The prevalence of obesity varies according to key individual characteristics such as age, sex, race and ethnicity, and SES. The prevalence of obesity increases cross-sectionally across the lifespan: from 13.9%, in early childhood (2-5 years old) to 18.4% in childhood (6-11 years old), 20.6% in adolescence (12-19 years old), 35.7%, in young adulthood (20-39 years old), 42.8% in adulthood (40-59 years old), and 41.0% in older adulthood (≥60 years old) (4). As of 2016, the prevalence of adult obesity in women in the United States was 41.1% and in men was 37.9% (4). In the decade between 2007-2008 and 2015-2016, obesity significantly increased only in women (4), suggesting a sex-specific vulnerability to expression of this disease. Additionally, when race and ethnicity are considered, significant interactions between race and sex emerge. Non-Hispanic black, non-Hispanic Asian, and Hispanic women all have significantly higher prevalence of obesity than men with the same racial ethnic identity (5). In men and women, non-Hispanic Asians have significantly lower prevalence of obesity compared to all other major races and ethnicities in the United States (Note: not adjusted for ethnic specific cut points for Asians), and Non-Hispanic blacks and Hispanics have significantly higher prevalence of obesity compared to Non-Hispanic whites (5). It is not fully clear why differences in obesity prevalence by race and ethnicity are present, but some evidence points to differences in genetic backgrounds that affect body composition and fat distribution (6, 7), and to differences in cultural body image standards (8). Additionally, in the United States, race and ethnicity are confounded with SES, which is one of the most potent indicators of overall health in the United States (9).
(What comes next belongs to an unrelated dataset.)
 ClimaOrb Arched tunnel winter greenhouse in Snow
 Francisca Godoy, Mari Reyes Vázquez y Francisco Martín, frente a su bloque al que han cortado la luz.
A significantly greater proportion of underrepresented racial ethnic minorities are considered low SES compared to non-Hispanic Asians and non-Hispanic whites in the United States. Socioeconomic status is a composite measure that can be represented by measures of income, educational attainment, or occupational status. In the 2017 Census, 21.2% of non-Hispanic blacks and 18.3% of Hispanics lived below the poverty level compared to 8.7% of non-Hispanic whites and 10% of non-Hispanic Asians (10). Non-Hispanic Asians (53.9%) and non-Hispanic whites (36.2%) are more likely to earn a bachelor’s degree than non-Hispanic blacks (22.5%) and Hispanics (15.5%) (11). In terms of health, low SES in childhood is associated with adult development of cardiovascular risk factors and a 20% increase in the odds of having central obesity (as defined by a waist circumference >102 cm for men or > 88 cm for women) (12). In adult women, obesity prevalence increases with decreasing income and educational attainment; however, in non-Hispanic black women, obesity prevalence differs by education gradients but not by income gradients (13). Conversely, non-Hispanic black men have a higher prevalence of obesity in the highest income group, but all the men’s racial ethnic groups showed similar relationships between obesity rates and education gradients as women (13). Higher SES is also associated with healthy lifestyle behaviors that are often the first line of prevention or treatment for obesity. On the other hand, low SES is associated with less leisure time physical activity (14) and consumption of energy-dense diets that are nutrient poor (15); however, SES is not the only factor that influences these behaviors. Further exploration of how SES affects resources and the ability to practice healthy behaviors is expounded upon in the next section.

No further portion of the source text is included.